Capítulo V - DA COMUNICAÇÃO SOCIAL

Artigo 236
É assegurada ampla liberdade aos meios de comunicação, nos termos da lei.
Parágrafo único. Na forma disciplinada pela Constituição Federal e pela lei federal, os Poderes Públicos do Estado e dos Municípios cooperarão:

I - na fiscalização das diversões e espetáculos públicos, da sua natureza, das faixas etárias recomendadas, dos locais e horários de apresentação adequados;

II - no cumprimento dos meios legais, garantindo à pessoa e à família a possibilidade de se defenderem de produção ou de programas que contrariem o art. 221 da Constituição Federal, bem como da propaganda de produtos, práticas e serviços nocivos à saúde e ao meio ambiente.
Artigo 237
A produção e a programação das emissoras de rádio e de televisão oficiais atenderão aos seguintes princípios:
I - preferências e finalidades educativas, artísticas, culturais e informativas;
II - promoção da cultura nacional e regional e estímulo à produção independente que objetive sua divulgação;
III - respeito aos valores éticos e sociais da pessoa e da família.

Parágrafo único. As emissoras de rádio e televisão, sob controle do Estado ou de entidade da administração indireta, reservarão horário para divulgação das atividades dos Poderes do Estado, conforme dispuser a lei.
Artigo 238
A publicidade do Estado poderá ser executada por meio dos veículos de comunicação particulares, segundo critérios técnicos e sem discriminação de ordem política ou ideológica, mediante licitação, nos termos desta Constituição.

Parágrafo único. Os valores destinados à publicidade do Estado serão tornados públicos, mediante balancetes mensais.

Artigo 239
A política de comunicação social, no âmbito do Estado e nos veículos de comunicação de massa mantidos pelo Poder Público, sob a forma de fundação, autarquia ou empresa de economia mista, será definida, orientada, executada e fiscalizada pelo Conselho de Comunicação Social.

§ 1º O Conselho de Comunicação Social será regulamentado por lei complementar.

§ 2º A criação e o funcionamento do Conselho de Comunicação Social serão definidos em lei.

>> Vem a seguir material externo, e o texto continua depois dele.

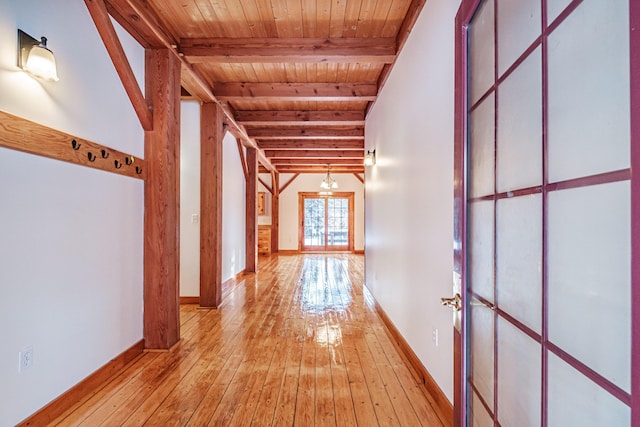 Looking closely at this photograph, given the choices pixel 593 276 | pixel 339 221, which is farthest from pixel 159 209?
pixel 339 221

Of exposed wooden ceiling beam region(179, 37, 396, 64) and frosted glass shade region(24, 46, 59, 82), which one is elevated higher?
exposed wooden ceiling beam region(179, 37, 396, 64)

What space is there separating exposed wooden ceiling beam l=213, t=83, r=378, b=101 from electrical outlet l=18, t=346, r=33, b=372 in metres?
3.19

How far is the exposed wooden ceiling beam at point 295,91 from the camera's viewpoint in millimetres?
3986

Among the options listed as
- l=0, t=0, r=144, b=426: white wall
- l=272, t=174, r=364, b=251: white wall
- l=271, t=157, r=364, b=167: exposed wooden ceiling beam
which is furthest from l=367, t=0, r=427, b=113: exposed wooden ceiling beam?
l=272, t=174, r=364, b=251: white wall

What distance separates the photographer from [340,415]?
1.90m

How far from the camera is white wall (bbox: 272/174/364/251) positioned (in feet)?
34.2

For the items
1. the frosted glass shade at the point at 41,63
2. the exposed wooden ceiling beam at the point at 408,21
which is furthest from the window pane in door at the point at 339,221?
the frosted glass shade at the point at 41,63

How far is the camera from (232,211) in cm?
558

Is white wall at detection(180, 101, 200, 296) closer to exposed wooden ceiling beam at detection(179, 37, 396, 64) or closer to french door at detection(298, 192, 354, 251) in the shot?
exposed wooden ceiling beam at detection(179, 37, 396, 64)

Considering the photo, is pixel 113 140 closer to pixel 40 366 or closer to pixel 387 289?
pixel 40 366

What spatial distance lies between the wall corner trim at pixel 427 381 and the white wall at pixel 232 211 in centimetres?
298

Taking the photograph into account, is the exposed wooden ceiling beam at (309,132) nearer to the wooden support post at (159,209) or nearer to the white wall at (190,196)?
the white wall at (190,196)

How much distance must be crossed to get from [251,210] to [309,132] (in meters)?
1.98

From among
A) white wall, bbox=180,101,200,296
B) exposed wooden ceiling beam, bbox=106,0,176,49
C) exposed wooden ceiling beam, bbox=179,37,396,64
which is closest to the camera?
exposed wooden ceiling beam, bbox=106,0,176,49
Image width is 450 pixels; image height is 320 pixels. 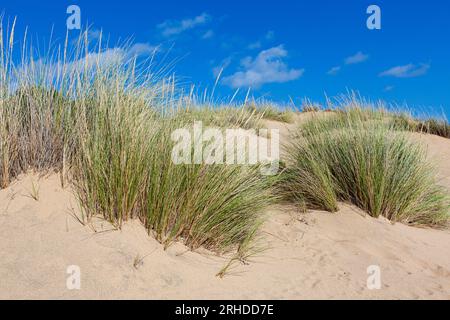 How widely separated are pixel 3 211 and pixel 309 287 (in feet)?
8.05

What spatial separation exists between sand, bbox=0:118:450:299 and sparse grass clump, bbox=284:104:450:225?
621mm

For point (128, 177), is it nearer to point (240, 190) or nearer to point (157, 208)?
point (157, 208)

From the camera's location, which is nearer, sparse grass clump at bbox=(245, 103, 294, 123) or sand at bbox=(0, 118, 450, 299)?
sand at bbox=(0, 118, 450, 299)

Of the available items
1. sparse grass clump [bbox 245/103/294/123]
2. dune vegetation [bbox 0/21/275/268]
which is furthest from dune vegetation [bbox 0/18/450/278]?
sparse grass clump [bbox 245/103/294/123]

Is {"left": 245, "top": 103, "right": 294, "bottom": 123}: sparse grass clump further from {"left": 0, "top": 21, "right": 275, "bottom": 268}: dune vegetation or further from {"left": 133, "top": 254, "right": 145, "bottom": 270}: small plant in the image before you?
{"left": 133, "top": 254, "right": 145, "bottom": 270}: small plant

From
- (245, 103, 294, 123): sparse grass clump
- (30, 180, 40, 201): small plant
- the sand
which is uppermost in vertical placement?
(245, 103, 294, 123): sparse grass clump

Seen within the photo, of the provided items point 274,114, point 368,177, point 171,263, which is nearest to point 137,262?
point 171,263

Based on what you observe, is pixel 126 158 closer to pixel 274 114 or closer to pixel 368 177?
pixel 368 177

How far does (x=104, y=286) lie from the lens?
2.94 metres

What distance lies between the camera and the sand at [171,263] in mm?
2984

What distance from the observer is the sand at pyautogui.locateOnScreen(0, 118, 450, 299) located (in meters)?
2.98

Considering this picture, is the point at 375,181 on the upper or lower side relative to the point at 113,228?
upper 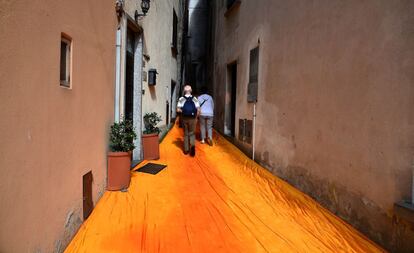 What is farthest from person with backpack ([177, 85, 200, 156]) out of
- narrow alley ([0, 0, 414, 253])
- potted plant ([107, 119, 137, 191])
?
potted plant ([107, 119, 137, 191])

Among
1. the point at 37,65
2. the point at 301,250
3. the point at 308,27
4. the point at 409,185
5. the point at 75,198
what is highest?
the point at 308,27

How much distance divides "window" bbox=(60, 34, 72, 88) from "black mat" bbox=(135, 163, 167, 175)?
2.96 metres

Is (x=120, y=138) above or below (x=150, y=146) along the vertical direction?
above

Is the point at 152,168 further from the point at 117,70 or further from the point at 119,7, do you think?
the point at 119,7

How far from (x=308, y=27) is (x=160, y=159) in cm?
388

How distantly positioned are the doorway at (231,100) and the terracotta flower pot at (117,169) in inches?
218

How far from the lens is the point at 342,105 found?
3.99 metres

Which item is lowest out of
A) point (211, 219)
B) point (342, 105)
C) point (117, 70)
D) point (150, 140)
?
point (211, 219)

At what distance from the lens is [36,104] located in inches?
96.1

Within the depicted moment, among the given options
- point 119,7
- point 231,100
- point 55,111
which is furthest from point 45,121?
point 231,100

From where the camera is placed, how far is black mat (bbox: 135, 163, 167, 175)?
5.88 meters

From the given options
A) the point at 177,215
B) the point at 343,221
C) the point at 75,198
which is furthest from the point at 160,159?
the point at 343,221

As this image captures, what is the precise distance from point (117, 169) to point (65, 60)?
1.98 meters

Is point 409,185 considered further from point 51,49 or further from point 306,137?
point 51,49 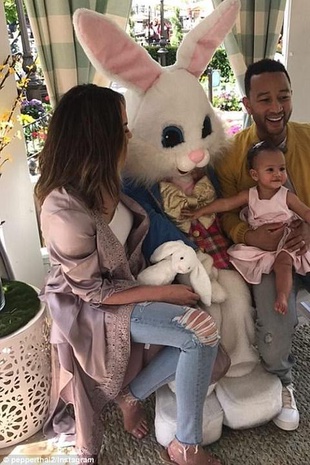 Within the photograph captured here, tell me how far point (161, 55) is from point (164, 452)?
156 cm

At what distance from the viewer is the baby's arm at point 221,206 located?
163 cm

Capítulo VI - DOS RECURSOS HÍDRICOS E MINERAIS

Artigo 240
O Estado e os Municípios, de comum acordo com a União, zelarão pelos recursos hídricos e minerais.
§ 1º Ao agente poluidor cabe o ônus da recomposição ambiental assegurado, nos termos do compromisso condicionante do licenciamento, na forma da lei.

§ 2º O comprador do produto da extração mineral só poderá adquiri-lo se o vendedor apresentar a devida licença ambiental, na forma da lei.
Artigo 241
É dever do cidadão, da sociedade e dos entes estatais zelar pelo regime jurídico das águas.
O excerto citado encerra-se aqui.